**WHAT THE TASK ASKS**
Everything in the records below except the images should be output exactly as written.

BEGIN DATASET EXTRACT

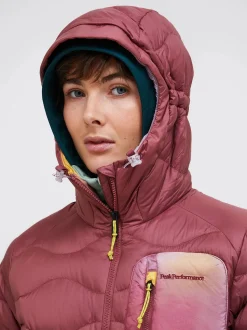 Peak Performance Women's Helium AOP Utility Down Hood - Naisten kevytuntuvatakki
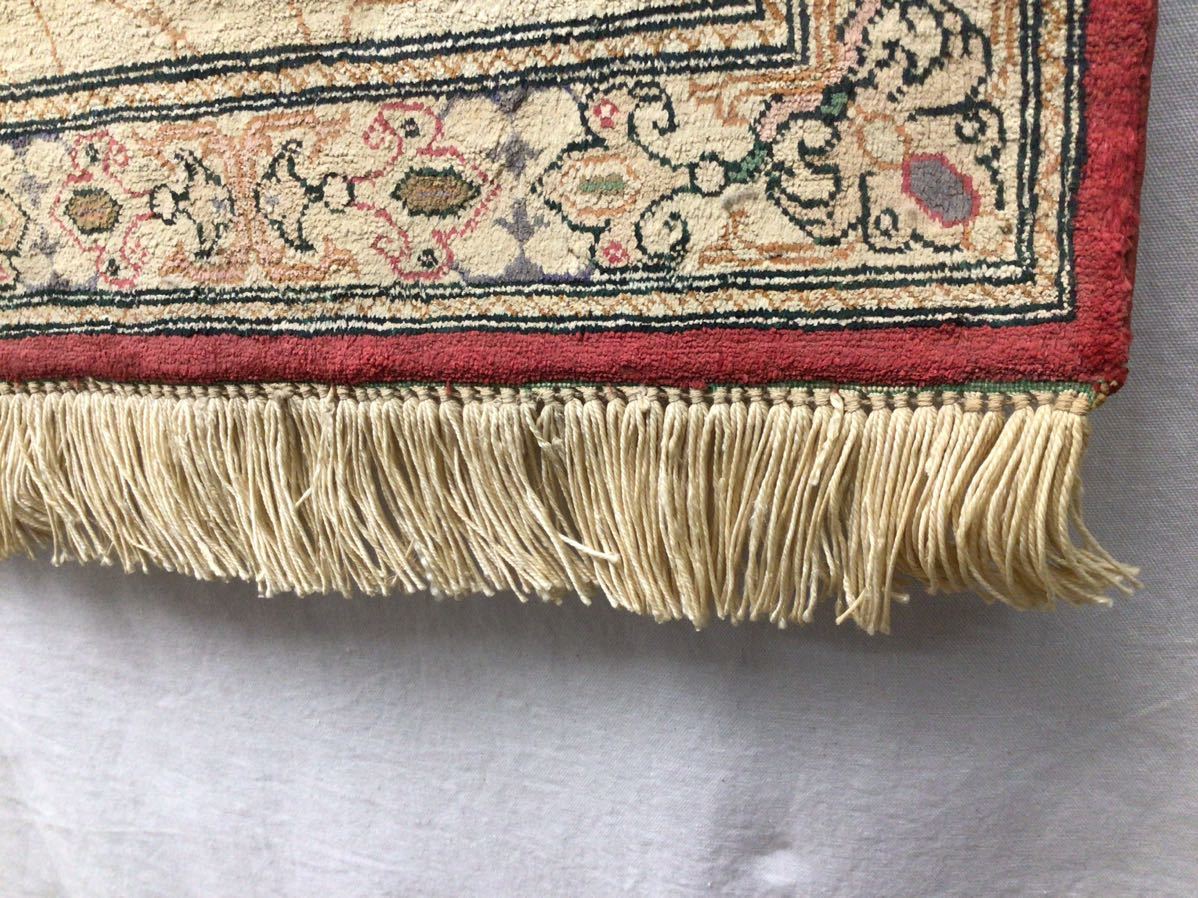 S12187【タペストリー】hand knotted ghom シルク ペルシャ絨毯 鳥デザイン イラン 15-29 80cm×55cm アンティーク の画像4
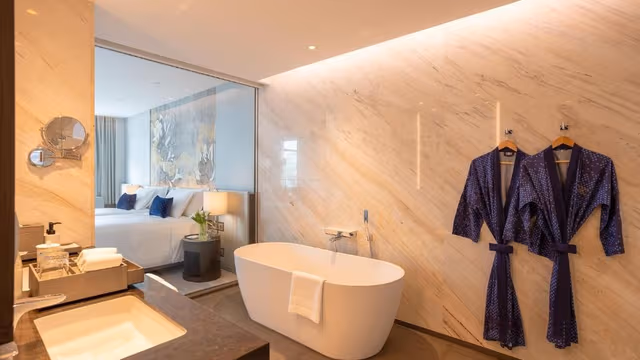 Deluxe Room King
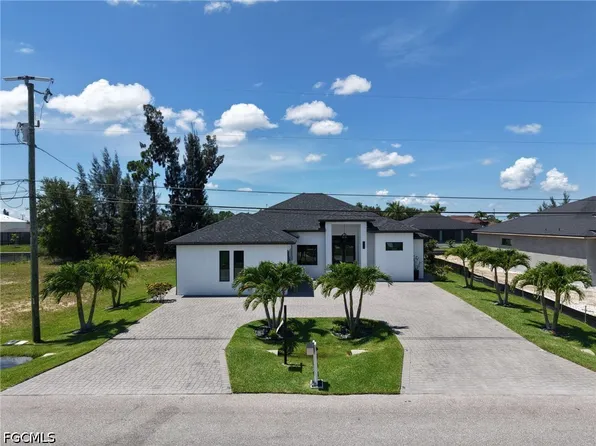 710 SW 12th Ter, Cape Coral, FL 33991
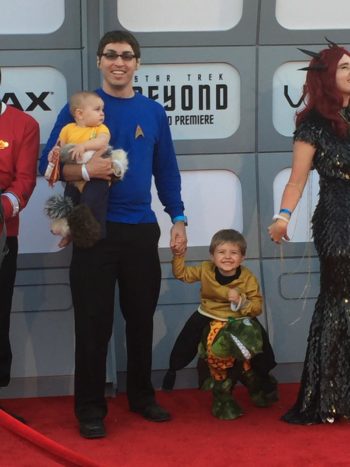 Josh Morgan and kids at the Star Trek Beyond movie premiere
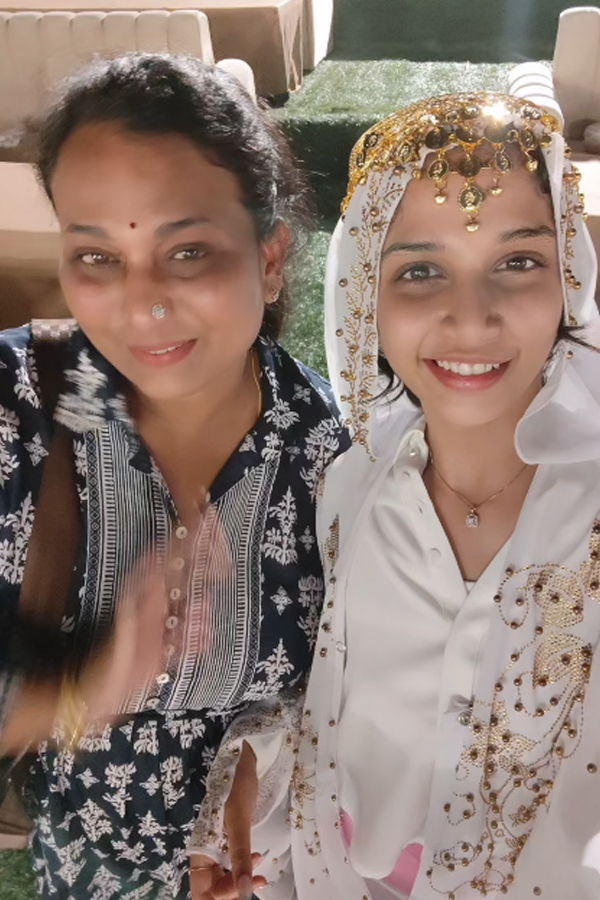 Actress Sridevi Apalla Dubai Tour With Family Photos2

END DATASET EXTRACT

**ANSWER BELOW**
 Peak Performance Women's Helium AOP Utility Down Hood - Naisten kevytuntuvatakki
 S12187【タペストリー】hand knotted ghom シルク ペルシャ絨毯 鳥デザイン イラン 15-29 80cm×55cm アンティーク の画像4
 Deluxe Room King
 710 SW 12th Ter, Cape Coral, FL 33991
 Josh Morgan and kids at the Star Trek Beyond movie premiere
 Actress Sridevi Apalla Dubai Tour With Family Photos2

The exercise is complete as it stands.